= Paul Van Dyke =

Paul Van Dyke (1859–1933) was an American historian and the brother of Henry Van Dyke.

He was born in Brooklyn, New York, graduated from Princeton in 1881 and from Princeton Theological Seminary in 1884, and studied at Berlin in 1884–85. He was a Presbyterian minister at Geneva, N. Y. in 1887–89, then taught church history at Princeton Theological Seminary (1889-92).

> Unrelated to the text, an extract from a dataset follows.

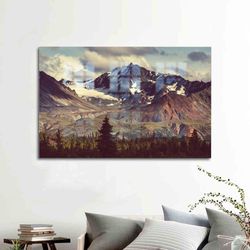 glass wall decor, glass, glass wall art, snowy mountain landscape, mountain landscape wall decoration, winter landscape
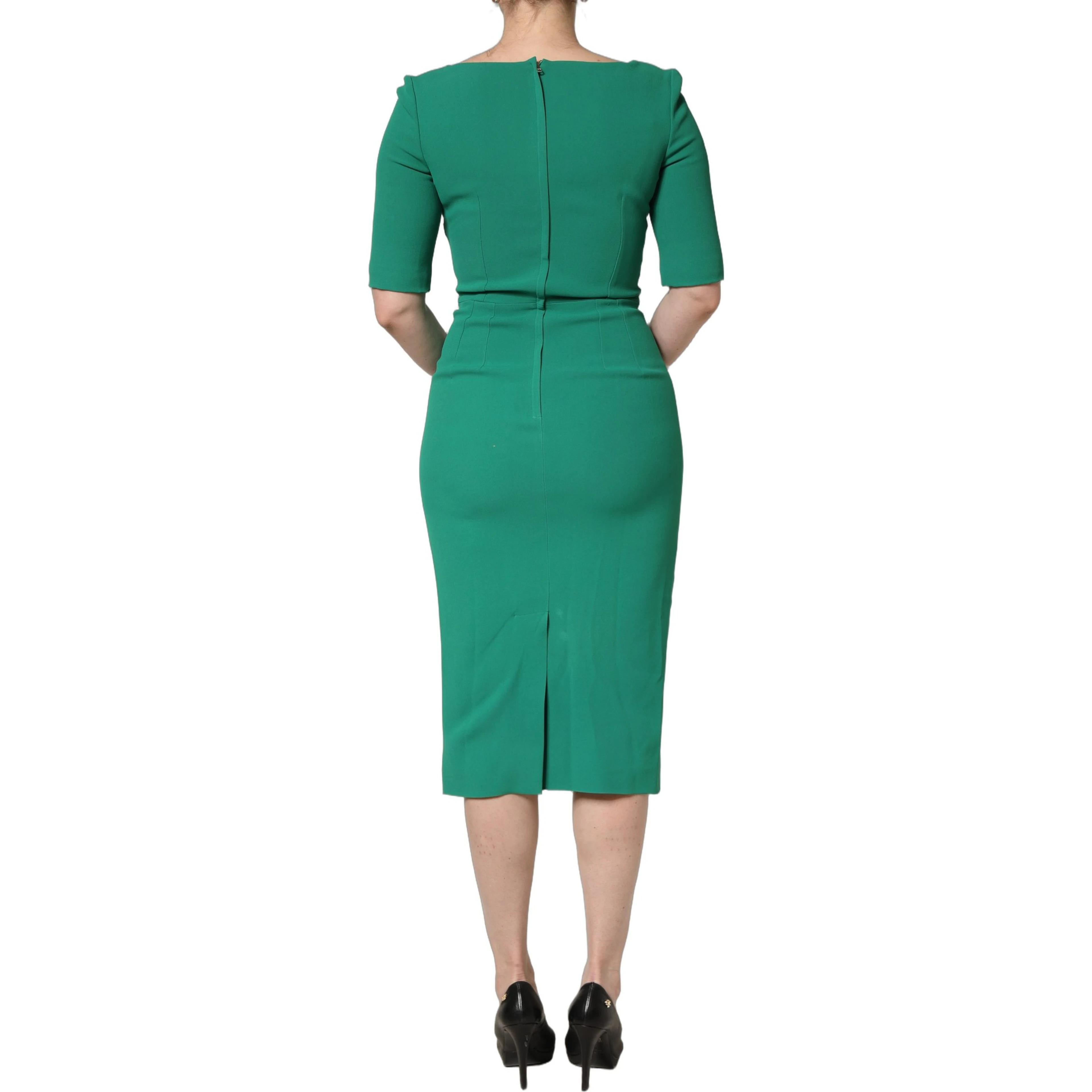 Green Short Sleeve Pencil Sheath Midi Dress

After serving as pastor at the Edwards Congregational Church in Northampton, Mass. (1892–98), he held the chair of modern European history at Princeton. He wrote The Age of the Renascence (1897), volume seven in a ten-volume series titled "Ten Epochs of Church History". In 1905, he published his book Renascence Portraits, which "...tries to illustrate the Renascence by describing three men who were affected by it and who were all living at the same time in Italy, England and Germany" (the three men are Pietro Aretino, Thomas Cromwell, and Maximilian I, Holy Roman Emperor).In 1921–22 and 1928–29, Van Dyke directed the Continental division of the American University Union in Europe, which was based in Paris. He wrote the biography Ignatius Loyola the founder of the Jesuits in 1979 He was elected to the National Institute of Arts and Letters in 1927. At Princeton Theological Seminary, he taught classes using the German "seminar" method.

When he joined the faculty of Princeton College in 1898, he was Chair of History and Political Science.